А луч продолжал скользить по мостовой, и вот яркий кружок осветил ещё одну гильзу, но была она значительно толще и длиннее автоматных. Данилов поднял её, осветил фонарём. На её донышке стояла маркировка — две латинские буквы. Да, впрочем, ему они уже ничего нового сказать не могли. Гильза была от патрона, которым снаряжается обойма к парабеллуму.
— Муравьёв, — повернулся он к оперативнику, — ищите гильзы от парабеллума, они должны быть здесь.
— Есть, Иван Александрович!
Фонарик снова зашарил по земле.
— Товарищ начальник! — Данилов узнал голос оперуполномоченного Самохина. — Собака взяла след, довела до кинотеатра «Горн», там след потеряла. Но мы нашли вот что.
Данилов зажёг фонарь и увидел, что Самохин держит шинель, обыкновенную красноармейскую шинель с зелёными треугольниками защитных петлиц на воротнике.
— Ну и что? — спросил Данилов просто так, на всякий случай.
— Вы посмотрите! — Самохин подставил воротник шинели под свет фонаря.
И Данилов увидел разорванную ткань и бурые пятна. Он потрогал воротник рукой. Грубое сукно было ещё совсем сырым.
— Так, — сказал Данилов, — так. А где нашли?

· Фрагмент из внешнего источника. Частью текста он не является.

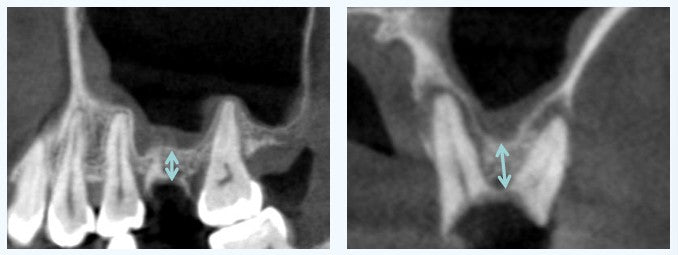 Preoperative CBCT showing residual bone height of approximately 2.5 mm and partial buccal bone defect prior to hydraulic sinus lift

— Метрах в ста за углом. Собака облаяла.
— Понятно. Что ещё?
— Найдено семь гильз от парабеллума, — ответил невидимый в темноте Муравьёв. — Кроме того, рядом с убитым лежит парабеллум.
— Документы?
— Красноармейская книжка на имя Реброва Ильи Фёдоровича. Видимо, поддельная.
— Ну это не нам решать, а экспертам. Как милиционеры?
— Отправлены в госпиталь.
— Пусть Поляков поедет туда и допросит их, если это, конечно, возможно. Лейтенант и шофёр дали показания?
— Да.
— Отпустите их. Впрочем, подождите. — Данилов подошёл к машине, осветил фонарём группу людей: — Как фамилия лейтенанта?
— Ильин, — подсказал Самохин.
— Товарищ Ильин! — позвал Данилов.
От группы отделилась высокая фигура, и Данилов скорее догадался, чем увидел, что лейтенант совсем ещё молод, наверное, недавно из училища.
— Товарищ Ильин! — Данилов подошёл к нему, крепко пожал руку. — Большое спасибо за помощь.
— Да что вы, товарищ! Это мой, так сказать, долг.
— Следуете на фронт?
— Так точно!
— Впервые?
— Да, — после паузы смущённо ответил Ильин.
— Да вы не смущайтесь! Судя по сегодняшнему, воевать вы будете отлично. Ещё раз спасибо и счастливого пути.
20 октября 04.30. МУРНе успел Данилов раздеться, как зазвонил внутренний телефон. Голос начальника МУРа был спокоен и чуть хрипловат.
— Ну что у тебя, Иван Александрович?
— Пока ничего утешительного.
— Сколько их было?
— Трое. Один убит, один ранен.
— Взяли?
— Нет, скрылся.
Начальник помолчал немного, потом сказал:
— Ладно, бери все вещественные доказательства по делу и заходи ко мне.
— Когда?
— Прямо сейчас.
В полутёмном коридоре Данилов столкнулся с заместителем начальника Серебровским.
— Ты это куда, Иван, со шмотками, на базар?
— Да нет, Серёжа, «на ковёр».
— А это, стало быть, твои клиенты напали на КПП?
— Теперь вроде мои.
— Ну давай, ни пуха…
— К чёрту!
— Грубый ты человек, Данилов, — шутливо ужаснулся Серебровский.
— Так, время такое, — принимая его тон, ответил Данилов и уже у дверей приёмной, обернувшись, хотел спросить Серебровского, почему его людям по сей день не заменили шинели, но заместитель начальника словно растворился в полумраке коридора, только вдалеке запели половицы под тяжестью его шагов.